Track: XML and Web Data
Paper Title:
A High-Performance Interpretive Approach to Schema-Directed Parsing
Authors:
Abstract:
XML delivers key advantages in interoperability due to its
flexibility, expressiveness, and platform-neutrality. As XML has
become a performance-critical aspect of the next generation of
business computing infrastructure, however, it has become increasingly
clear that XML parsing often carries a heavy performance penalty, and
that current, widely-used parsing technologies are unable to meet the
performance demands of an XML-based computing infrastructure. Several
efforts have been made to address this performance gap through the use
of grammar-based parser generation. While the performance of
generated parsers has been significantly improved, adoption of the
technology has been hindered by the complexity of compiling and
deploying the generated parsers.

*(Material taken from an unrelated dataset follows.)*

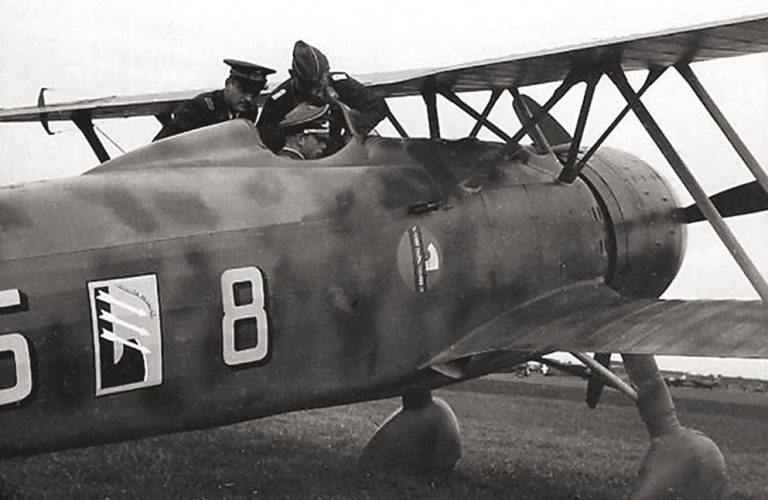 A German officer in the cockpit of a captured Fiat CR.42 in Belgium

Through careful analysis of the
operations required for parsing and validation, we have devised a set
of specialized bytecodes, designed for the task of XML parsing and
validation. These bytecodes are designed to engender the benefits of
fine-grained composition of parsing and validation that make existing
compiled parsers fast, while being coarse-grained enough to minimize
interpreter overhead. This technique of using an interpretive,
validating parser balances the need for performance against the
requirements of simple tooling and robust scalable infrastructure.
Our approach is demonstrated with a specialized schema compiler, used
to generate bytecodes which in turn drive an interpretive parser.
With almost as little tooling and deployment complexity as a
traditional interpretive parser, the bytecode-driven parser usually
demonstrates performance within 20% of the fastest fully compiled
solutions.